> _HOW TO COMPLETE THIS TASK_
The lines from the one holding "this 766×574 image." to the end of the records below, exactly as written, are the only thing to return.

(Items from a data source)
>>>>

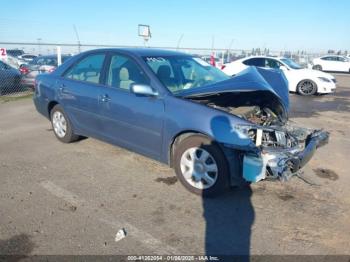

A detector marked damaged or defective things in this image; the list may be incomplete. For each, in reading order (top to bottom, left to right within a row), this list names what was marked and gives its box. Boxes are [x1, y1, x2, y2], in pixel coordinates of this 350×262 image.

wrecked car [32, 48, 328, 196]
crumpled hood [178, 65, 290, 123]
severe front damage [179, 66, 330, 183]
damaged front bumper [241, 128, 328, 183]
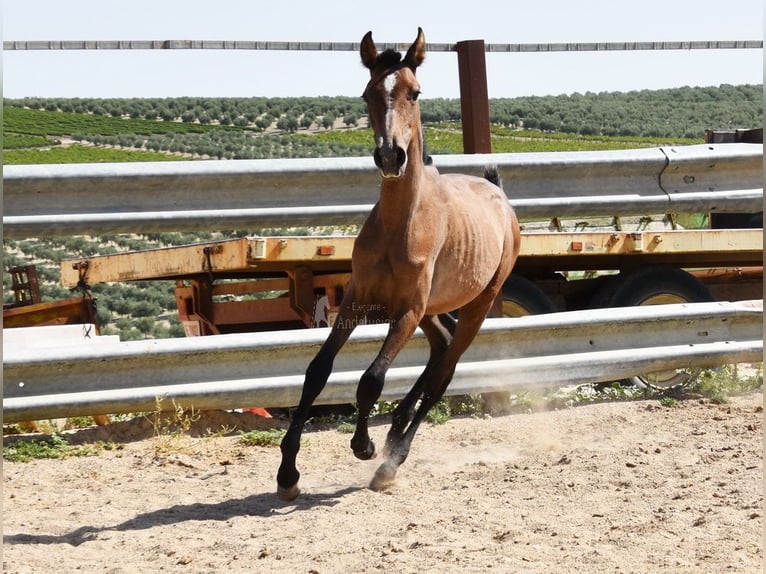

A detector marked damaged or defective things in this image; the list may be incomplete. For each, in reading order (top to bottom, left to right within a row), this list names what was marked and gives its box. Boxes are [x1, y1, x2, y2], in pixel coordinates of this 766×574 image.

rusty gate post [456, 39, 492, 154]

<<<<

> _OUTPUT FOR THIS EXERCISE_
A detector marked damaged or defective things in this image; the list may be incomplete. For each, in reading order (top to bottom, left to right within a row), this list names what was marked and gives its box. Boxes are [x1, y1, x2, y2], in pixel coordinates of this 766×574 image.

rusty gate post [456, 39, 492, 154]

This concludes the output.